Titelgemäß existieren jedoch im globalen Kontext auch noch die USA, die nach der ersten Staffel und der Entmachtung Kroves dennoch eine globale Hegemonie ausüben. Um diese zu schützen, darf keine andere Macht – auch keine anderer ehemalige Supermacht – wieder größeres Gewicht erhalten. Die amerikanische Geheimdiensttätigkeit richtet sich daher darauf, andere Staaten in globalen Verhältnis zu schwächen. Aus diesem Grund mischen die Geheimdienste der USA auch in der russischen Angelegenheit von Anfang an mit. In diese Geschehnisse gerät nun Jared, der Duanes Tod aufklären und die Verantwortlichen zur Rechenschaft ziehen will. Dabei begegnet er Scarlett wieder, die für eine der russischen Gruppierungen arbeitet. Soweit der Plot – ohne alles zu verraten.

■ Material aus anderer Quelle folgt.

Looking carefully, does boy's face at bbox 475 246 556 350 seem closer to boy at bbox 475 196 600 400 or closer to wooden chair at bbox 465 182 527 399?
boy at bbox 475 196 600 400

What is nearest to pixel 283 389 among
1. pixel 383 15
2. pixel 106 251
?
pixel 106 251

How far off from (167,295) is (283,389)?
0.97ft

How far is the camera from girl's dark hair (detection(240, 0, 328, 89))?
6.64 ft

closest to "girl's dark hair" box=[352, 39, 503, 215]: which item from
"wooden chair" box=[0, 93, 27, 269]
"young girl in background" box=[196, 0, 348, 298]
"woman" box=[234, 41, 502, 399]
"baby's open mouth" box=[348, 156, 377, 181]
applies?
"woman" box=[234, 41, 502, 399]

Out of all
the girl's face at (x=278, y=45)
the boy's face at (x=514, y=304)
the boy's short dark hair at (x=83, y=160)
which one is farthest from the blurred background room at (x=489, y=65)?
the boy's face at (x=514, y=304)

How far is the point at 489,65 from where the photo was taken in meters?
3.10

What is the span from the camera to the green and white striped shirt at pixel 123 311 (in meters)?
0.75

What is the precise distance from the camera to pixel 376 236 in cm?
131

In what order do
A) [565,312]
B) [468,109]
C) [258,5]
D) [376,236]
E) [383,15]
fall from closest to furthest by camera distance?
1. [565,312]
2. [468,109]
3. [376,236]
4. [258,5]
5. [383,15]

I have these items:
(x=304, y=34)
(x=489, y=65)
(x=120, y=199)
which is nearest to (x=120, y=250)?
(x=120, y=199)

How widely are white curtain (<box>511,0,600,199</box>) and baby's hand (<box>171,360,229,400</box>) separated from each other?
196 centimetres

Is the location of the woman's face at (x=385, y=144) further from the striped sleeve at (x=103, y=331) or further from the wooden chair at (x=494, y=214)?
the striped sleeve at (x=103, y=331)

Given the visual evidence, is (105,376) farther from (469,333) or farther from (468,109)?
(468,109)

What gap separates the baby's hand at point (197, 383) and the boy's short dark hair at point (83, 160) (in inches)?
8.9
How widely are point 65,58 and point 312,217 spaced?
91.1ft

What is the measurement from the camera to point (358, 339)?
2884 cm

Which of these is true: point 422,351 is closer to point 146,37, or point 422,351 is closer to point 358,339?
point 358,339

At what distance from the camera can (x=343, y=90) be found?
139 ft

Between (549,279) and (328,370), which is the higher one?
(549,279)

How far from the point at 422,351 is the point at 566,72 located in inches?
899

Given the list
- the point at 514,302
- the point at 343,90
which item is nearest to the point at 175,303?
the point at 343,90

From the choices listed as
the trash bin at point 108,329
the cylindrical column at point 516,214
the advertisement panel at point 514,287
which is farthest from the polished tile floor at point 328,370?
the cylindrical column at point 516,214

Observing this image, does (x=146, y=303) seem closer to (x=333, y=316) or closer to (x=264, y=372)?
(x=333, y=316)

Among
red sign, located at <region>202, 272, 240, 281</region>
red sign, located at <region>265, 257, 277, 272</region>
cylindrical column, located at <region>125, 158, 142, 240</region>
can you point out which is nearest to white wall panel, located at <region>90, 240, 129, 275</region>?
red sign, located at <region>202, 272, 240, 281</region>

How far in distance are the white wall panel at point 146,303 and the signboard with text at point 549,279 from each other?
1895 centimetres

Meine Einschätzung zur zweiten Staffel: Wer die erste gelesen hat, hat im Prinzip das Beste von Empire USA schon gehabt. Die Erzählung der ersten Staffel ist thematisch (nicht von der Plotstruktur her) weitaus reichhaltiger und vielfältiger als die zweite. Die Figurenzeichnung ist differenzierter und gibt den Figuren mehr eigene Geschichte, psychologische Tiefe und innere Entwicklung als die zweite. Auch die politische Thematik ist – nicht zuletzt, weil sie sich noch mit der realen Politik der Bush-Administration und dem War on Terrror sowie dem christlichen und islamischen Fundamentalismus kritisch auseinandersetzt – spannender als in der zweiten Staffel. Zum Thema globale Hegemonie der USA hat man in der ersten Staffel im Prinzip bereits Desbergs Position und Auseinandersetzung bereits vollständig gehabt. Hier fügt die zweite Staffel kaum noch etwas Neues hinzu; die Religionsthematik bleibt völlig ausgblendet. Die Thematik der Entwicklung Russlands in der Erzählung und insbesondere die subtilen Machenschaften der Geheimdienste und ihr Zusammenwirken mit der russischen Mafia hat Desberg außerdem ähnlich schon in Black Op behandelt – daran fühlt man sich bei der Lektüre von Empire USA 2 sehr erinnert.

Graphisch bietet die zweite Staffel auf Grund der Mitwirkung derselben Zeichner wieder eine ähnliche Mischung ais sehr guten Bänden mit ein bis zwei schwächeren (von Munier und Koller). Hervorragend ist die Arbeit von Alain Queireix – da würde man gerne mehr sehen.

Dramaturgisch ist Desberg freilich routiniert – im guten Sinn des Wortes -, so dass man auf jeden Fall einen sehr spannenden Thriller erzählt bekommt. Jedoch diesmal auch nicht mehr.

Und nun der Spoiler mit der Auflösung: Der böse russische Milliardär wird bei seinen Machenschaften am Ende entlarvt und kommt zu Tode; Russland kann sich damit auch wieder aus den politischen Zwickmühlen befreien, die diese Machenschaften verursacht haben. Desberg ist versöhnlich-realistisch: Von der russischen Regierung bleiben die führenden Persönlichkeiten im Amt, doch darf die Opposition stärker im Parlament werden.

Unter den Figuren hat Jared diesmal keine sehr starke Rolle in der Erzählung, weitaus mehr noch als in der ersten Staffel bleibt er ein Spielball der Ereignisse, die andere lenken. Es gelingt ihm jedoch, am Ende zumindest Scarlett zu retten - und diesmal gibt uns Desberg dazu ein Happy End mit den beiden Liebenden.